My last book dealt in many of my family's stories. Or I should say family myths. In Something Red, though I did grow up just outside of DC, the stories were less familial. Many of the details--the house, for example, resembles my house. The attic room is the same room I blew smoke out of all through high school. And I am chagrined to report my father did do yoga, often without clothes, in the basement. It was more, though, that feeling of being so close to the very mechanism of our government--my sister and I had friends who were the sons and daughters of senators and lobbyists--so close we could get a private tour of the oval office, and yet, be as far removed from anyone else.

And to be honest, '79 was a little before my time, at least my teenage years were a little later! I wrote myself into a lot of research. Who knew I needed to figure out so much about the Cold War and immigration laws, and the Rosenbergs? I read a lot about social movements in this country because, in the end, the subtle nuances between communism and socialism and who denounced Stalin first and who was a Trotskyite, I needed to understand that a lot better and a lot more completely. And I needed to make sure the music was right for the era, the clothes, what people ate (there is a ton about food in this book) and even the way they talked to one another. Just because, say, a law changes in '79, doesn't mean people are instantly referencing it as such. I wanted to get those details absolutely correct. I have this theory now that every novel is historical. The present is just so instantly the past, especially due to the swiftness of technology. These issues of how people really talk to one another, what's in the culture, is an issue that every novelist, even one writing about right this moment, has to grapple with.

Your first novel Golden Country was about the American dream and the immigrant experience, and in a sense, Something Red is about another kind of American Dream—one of equality and politics. Yet both of these dreams don’t quite work out the way the characters wish them to. What do you think this says about the kind of dreams we forge for ourselves and our families, and the times we live in?

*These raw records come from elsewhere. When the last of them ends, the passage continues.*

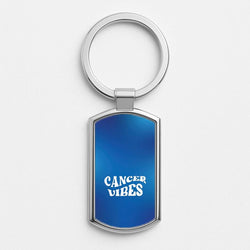 Cancer Vibes Gradient Zodiac Silver Metal Keyring
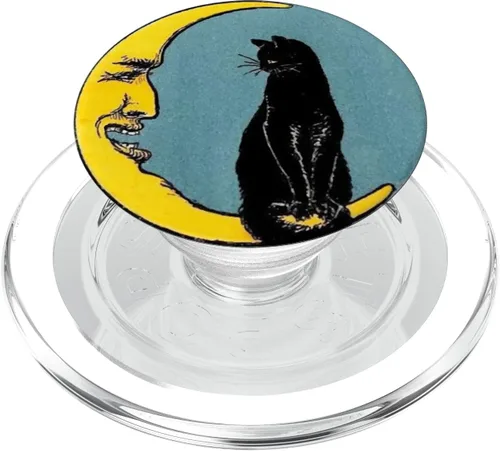 Miniatura 8 de PopSockets Grip and Stand para teléfonos y tabletas con diseño de gato y luna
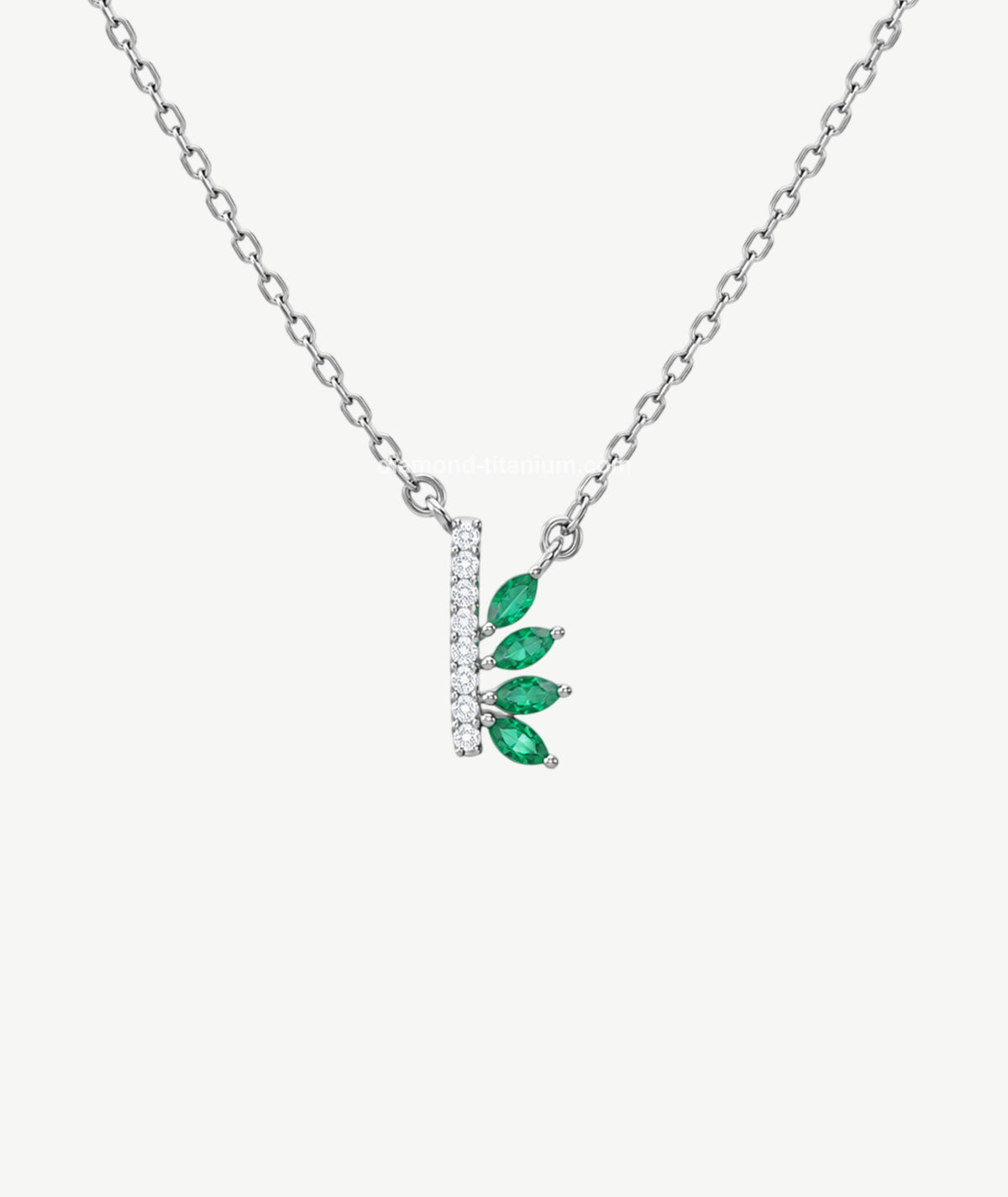 GREEN STONE LETTER PENDANT SILVER NECKLACE | عقد فضة بتعليقة حرف وأحجار خضراء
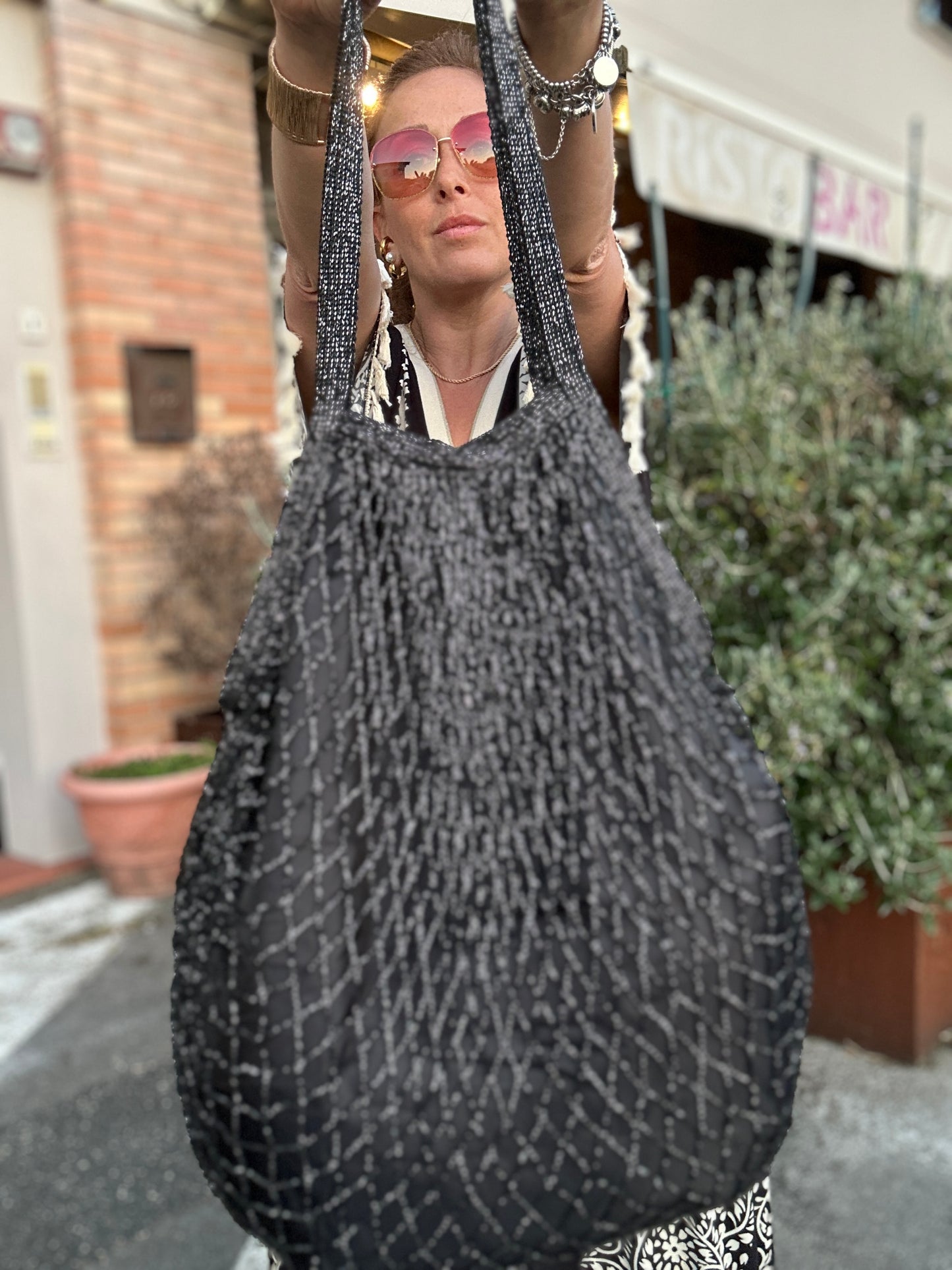 Borsa rete in lurex nero Two Way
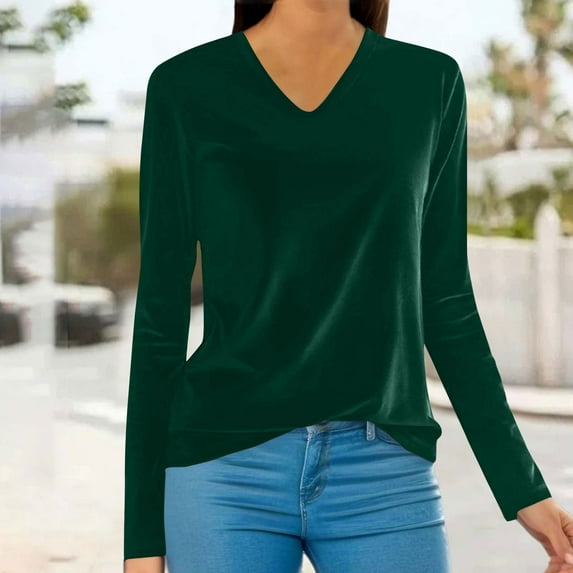 Jjayotai Women's Velvet Top, V Neck Long Sleeves Solid Casual Tunic Blouse, Loose Velour T-Shirt Pullover Tops, 2025 Trendy Clothes for Women Green L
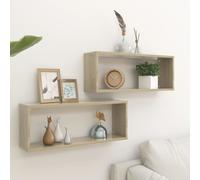 vidaXL 2x Wall Shelf Sonoma Oak Engineered Wood Wall-Mounted Floating Shelf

Well, I have always been profoundly interested in failure. But Something Red is absolutely the psychic and physical spoils of that dream the characters in Golden Country worked so hard for. But with each generation, what we want changes. The immigrants who came over needed basic stuff--and success was measured in very concrete terms. And in the sixties, women's rights and civil rights could in a sense be measured, however slowly, by physical change. African Americans were no longer sitting at the back of the bus. Women were actually in the work place. Those dreams of equality, or at least some degree of its physical manifestation, were realized. But it gets more complicated--success--the longer we've been in this country. After all, there are other kinds of dreams.

And who measures success is also complicated. I think as our dreams--and with dreams I might in this case say passions and desires--get more individualized, they get harder to mark and so harder to see realized. If you want to make a million dollars, say, you know when you've made a million dollars. (So I hear anyway...) But if you want to be a successful artist, or a great parent, how do we measure that for ourselves? Often we look outward for that validation and to the culture, which as we know, changes terribly quickly. It's an impossible premise. Which of course is where self-help comes in, and all that stuff that deals with the self and not the family or a collective group of people. When there is so much freedom--which is of course what we seek, what previous generations have worked very hard for, and what these characters are looking for in terms of the women's movement, and music, and labor unions--the choices become very complicated because there are so many of them. Which is around about way of saying, while the issue of say, gay marriage is a dream we could see happen in this country, it's gotten more and more difficult for our individuated dreams to come true.

You began as a publicity director for Harcourt. What’s it like being on the other side now, as a novelist promoting another novel? What do you know now as an author that would have been helpful for you to know as a publicity director?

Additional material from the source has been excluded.